I haven’t wanted to write on this blog for a long time because I’ve disappointed myself.
Like many others, I went into 2020 with goals and exciting plans for the year ahead – all of which have either disappeared or taken a backseat in the light of current events.
One of these goals was my year-long no buy that I was so excited to go on, before I promptly broke it three months into the year. Perhaps even sooner than that.
I’m not going to make this post full of excuses, because that would be boring and unproductive for both of us. But basically, I set some rules for myself and I broke them.
This has lead me to feeling kind of guilty and kind of naughty: almost like I’m a cool rebellious person because I didn’t do things properly. It’s also made me think a lot about myself and my perspective surrounding what’s important to me right now.
Things are pretty weird right now. You don’t need me to tell you that.
Even though I’m someone who works from home and generally spends a lot of time within these four walls, I’m starting to feel a bit stuck. The fact that we’ve been told we can’t go outside makes me want to rebel – but I won’t, obviously, because I’m not a dickhead.
Feeling rebellious is a new thing for me. As a life-long good girl, I’m finding this period very interesting as it’s emotions I’ve never really had to deal with before.
I wasn’t a rebellious teenager because my parents always granted my brother and I enough freedom so we didn’t feel trapped, which would have given us a need to rebel.
I also wasn’t a hugely social person growing up so I never fell into the ‘wrong crowd’ meaning there was never a period of me acting out in the various ways we assume teenagers will do.
In fact, I feel like I’ve just started to get a life (socially, I mean) within the past year or so.
Which is great timing, considering I can’t see any of the amazing people I now have in my life nor can I finally go out and do things like I wanted to growing up. I understand that there are people in worse situations than me, so this isn’t a serious moan – I just thought it was kind of funny in a peculiar way that I finally get to have a life when the world stops.
With so many things changing and new rules being in the headlines every single day, there’s a lot of emotional baggage to be dealing with right now.
I’m trying to be positive and think about the changes that can come after this pandemic, but we all have our down days.
WHAT I’M ACTUALLY DOING
It may seem a bit shallow, but I’m using the current situation to get some perspective on myself and my goals.
Yeah, I’ve broken what I was hoping would be a life changing resolution and it’s kind of embarrassing to have to admit it, but it’s honestly not that big of a deal in the grand scheme of things.
In fact, this whole lock down situation has changed my opinion on my spending habits in general, as once this is over I don’t ever want to say no to an invite, not support my favourite brands and local stores or even not treat myself to something I want again because we’ve been without it for so long.
As daft as it sounds, I’m essentially using this current pandemic as an excuse to stop my no buy resolution.
I want to feel free to spend the money I earn how I want, which I hope means I will naturally start to spend it more on experiences over things, anyway.
WHERE AM I GOING FROM HERE?
I still have a lot of learning to do and a long way to go when it comes to the balance of things and money in my mind. For the time being, I’m taking the pressure off myself because quite frankly I don’t need it right now.
If buying something like a book, lipstick or jumper makes you feel a bit better right now then I don’t see a problem with it. In fact, there is no better time than now to show your support for small businesses and independent creators – which are the areas I want more of my money to go into in the future.
These companies need your monetary support right now, so if you have the funds and are willing to help, why not do so?
This does not mean that we should all go ham and buy loads of things online, as obviously we are running with skeleton services and the added pressure isn’t necessary.
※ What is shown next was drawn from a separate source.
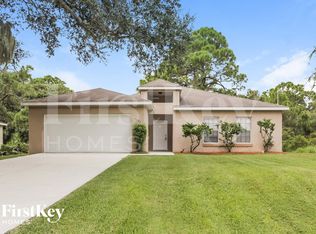 3609 Ponce De Leon Blvd, North Port, FL 34291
I just wanted to use my no buy and the fact that I’ve broken it as an example for anything that may be weighing you down or making you feel bad about yourself at the moment, with everything that is going on.
We just don’t need that shit right now, so push it away as much as you can and give yourself a break.
I hope you’re staying safe, friends. Remember to be kind to yourself, as well as remaining to others especially those who are still working to keep our world turning.
Do your bit by staying home (if you can) and keep washing your hands.
Share with me something that is making you happy right now, I think we all need it.
For me, it’s my dog who is so sleepy after his walk that he just wants to curl up in bed and cuddle which is the sweetest thing and my favourite mood of his!